Duplicate structures haunt crystallography databases
Key Insights
-
Duplicates of crystal structures are flooding databases, implicating repositories hosting organic, inorganic, and computer-generated crystals.
-
The issue raises questions about curation practices at databases and claims around novelty.
-
While some database administrators are mum about duplications, others acknowledge the problem but say it’s usually not due to data integrity issues.
In 2023, researchers at Google released what they claimed was 800 years’ worth of knowledge in a single study. The study, published by the prominent journal Nature, revealed that 2.2 million new crystal structures had been discovered using an artificial intelligence tool.
Two years on, the study—which has already attracted around 1,000 citations—faces calls for retraction.
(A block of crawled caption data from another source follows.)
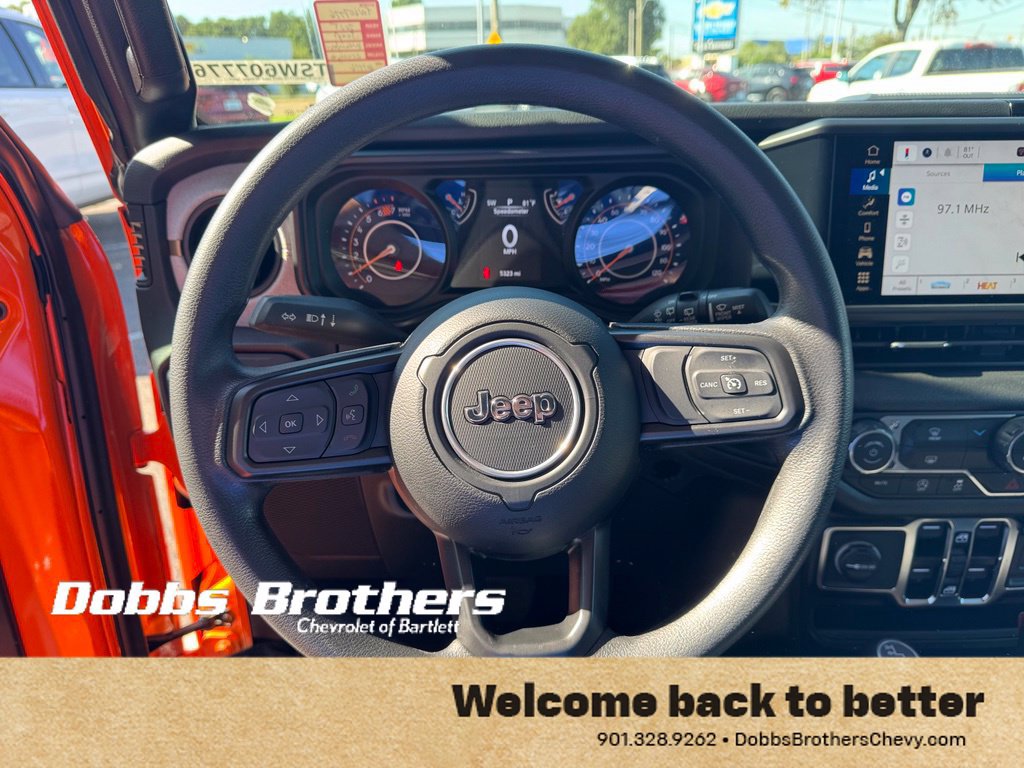 Used 2025 Jeep Wrangler Unlimited Sport AWD/4WD image 17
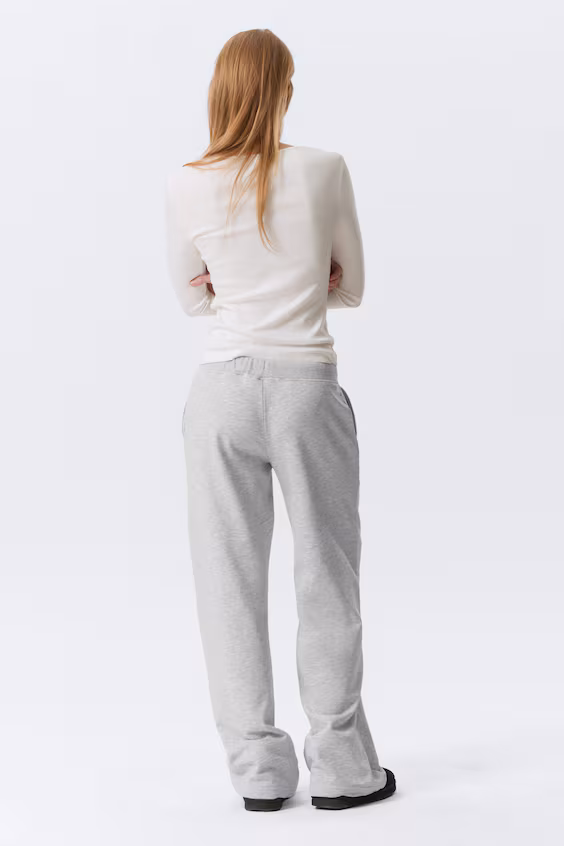 Облегающий топ с длинными рукавами и вырезом лодочкой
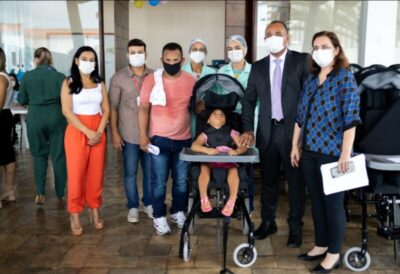 Roberto Costa participa de entrega de 68 cadeiras rodas especiais para a Casa de Apoio Ninar adquiridas com sua emenda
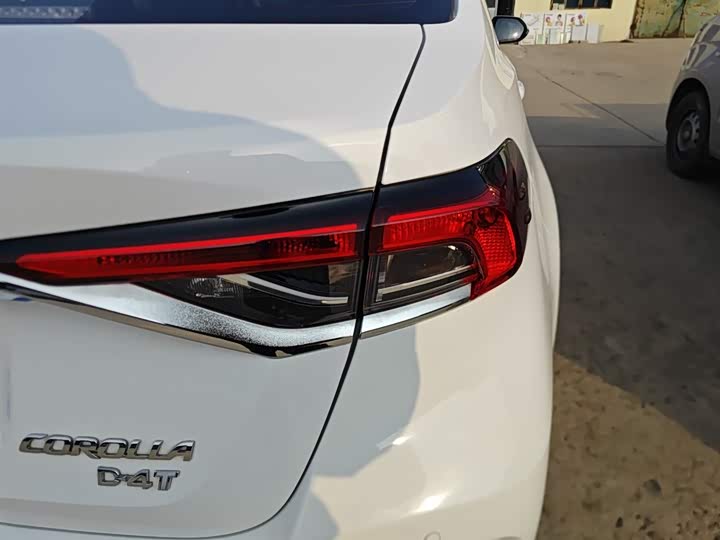 Фото 8 - Toyota Corolla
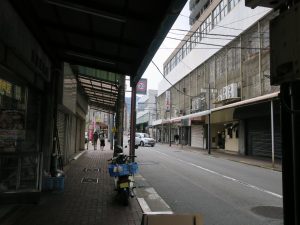 熱海 昭和の雰囲気が残る商店街 しかし、シャッター街と化していました
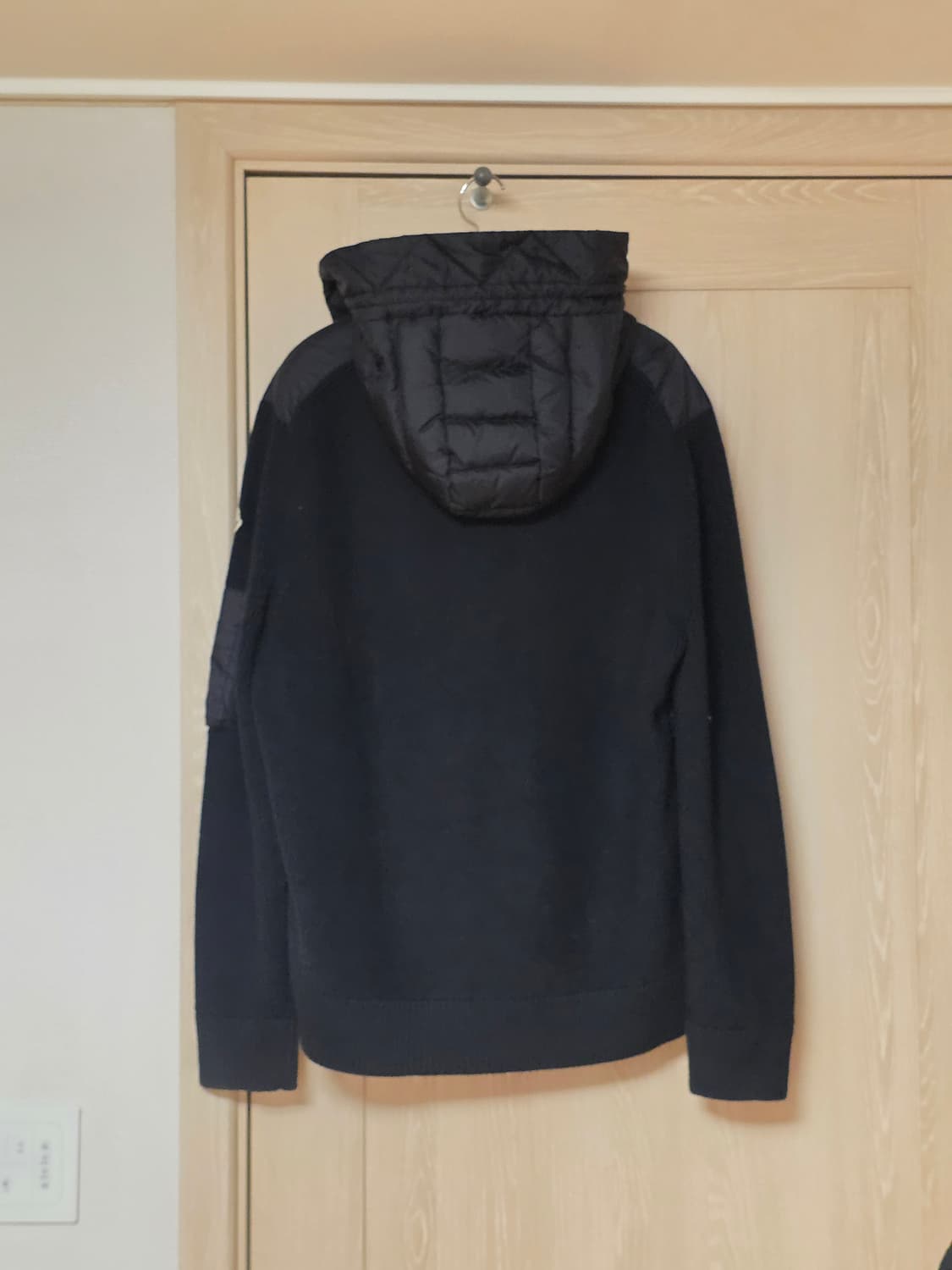 [XL] 25FW 몽클레어 니트 후드 집업 패딩 새상품급 상품이미지5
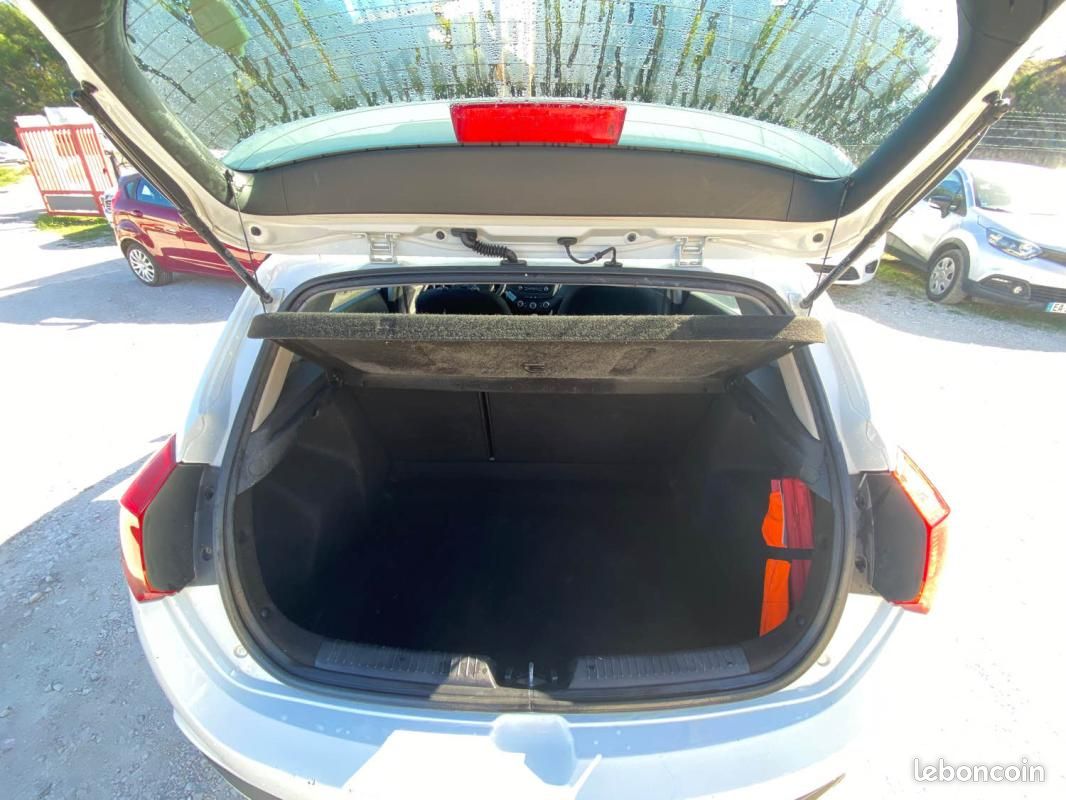 Kia Cee'd CEE-D 2 1.4 CRDI - 16V TURBO (image 13)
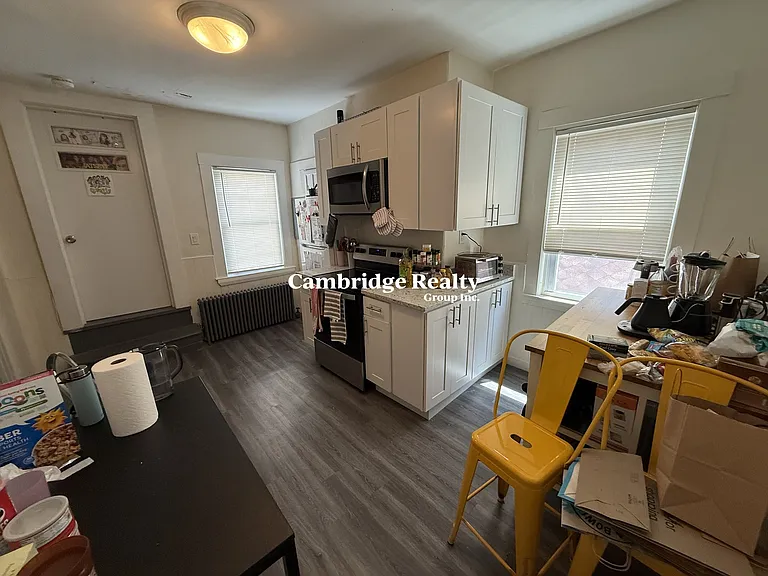 357-359 Cambridge St #3R — Photo 2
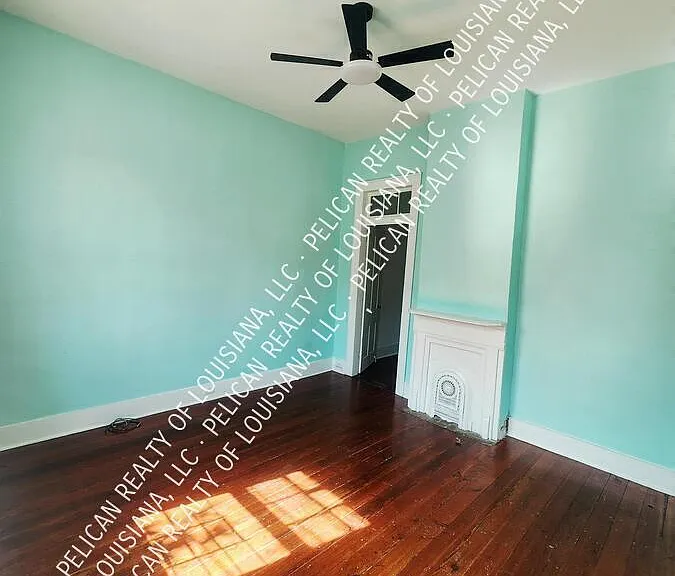 1136 Frenchmen St — Photo 3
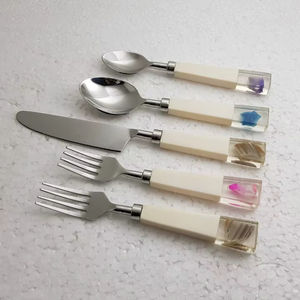 Ensemble de couverts faits à la main, incrustation d'agate, manche en résine, ensemble de couverts en acier inoxydable fait à la main, moderne, cinq pièces, ensemble cuillère-fourchette - Product Image 1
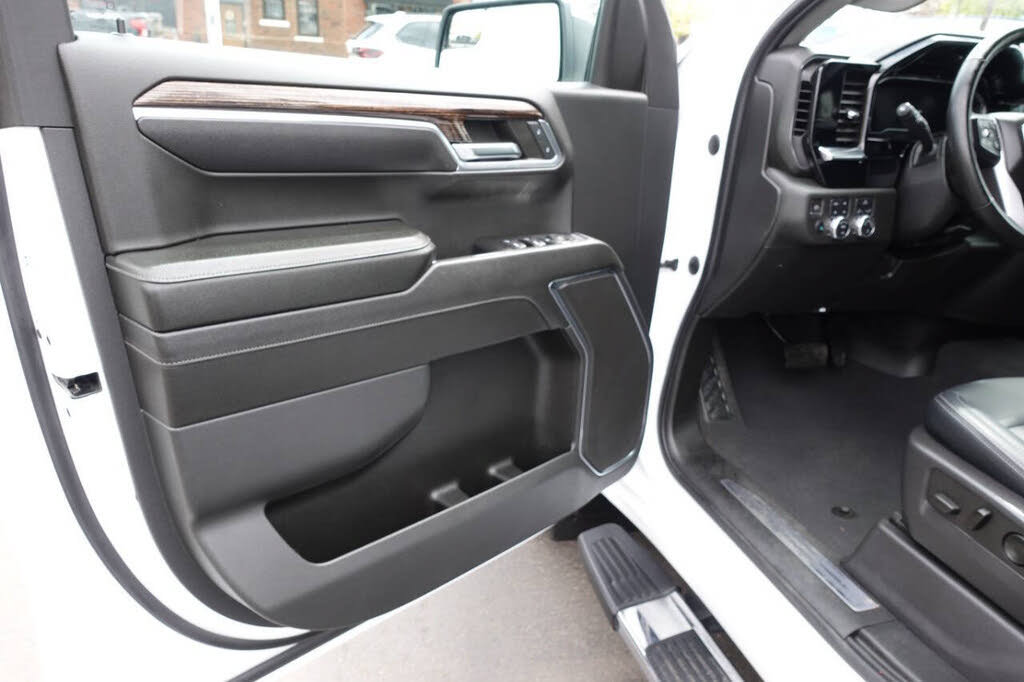 Used 2023 GMC Sierra 1500 SLE w/ X31 Off-Road Package AWD/4WD image 17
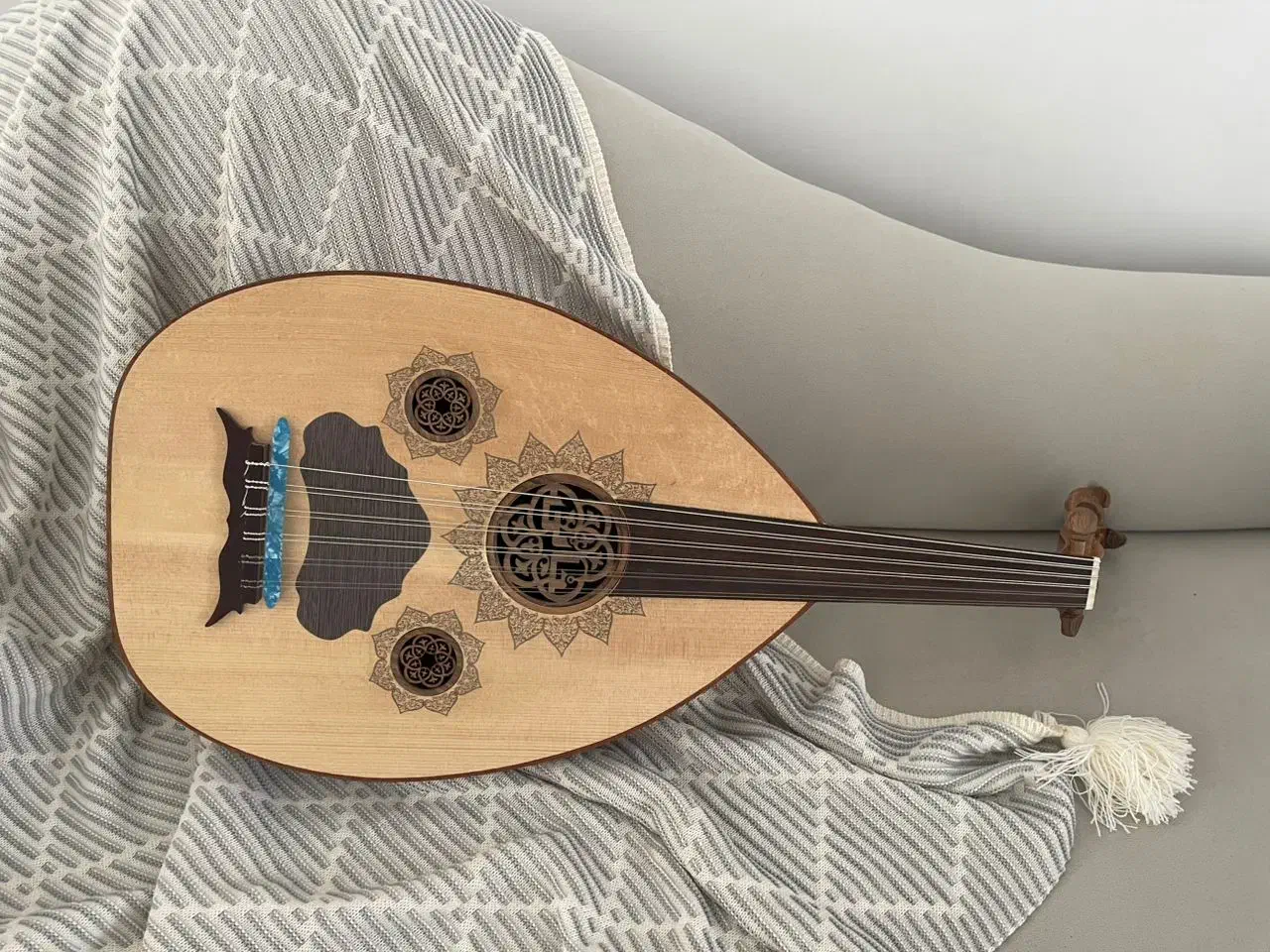 عودسیم لآبه لا|سازهای سنتی|بندرعباس, |دیوار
Critics say many crystals that the study authors claimed were novel were in fact duplicates.
The researchers, affiliated at the time with Google DeepMind, found the structures using an AI tool called Graph Networks for Materials Exploration (GNoME). Importantly, they claimed that more than 380,000 of the crystals were stable inorganic materials. To be useful for modern technologies such as computer chips and batteries, crystals must be stable so that they don’t decompose.
Traditionally, scientists hunt for new crystal structures by tweaking already known ones or by combining different elements on a trial-and-error basis. While materials science researchers have tried to use AI to speed up this process and reduce costs, predicting experimentally viable materials with precision and accuracy has been a challenge.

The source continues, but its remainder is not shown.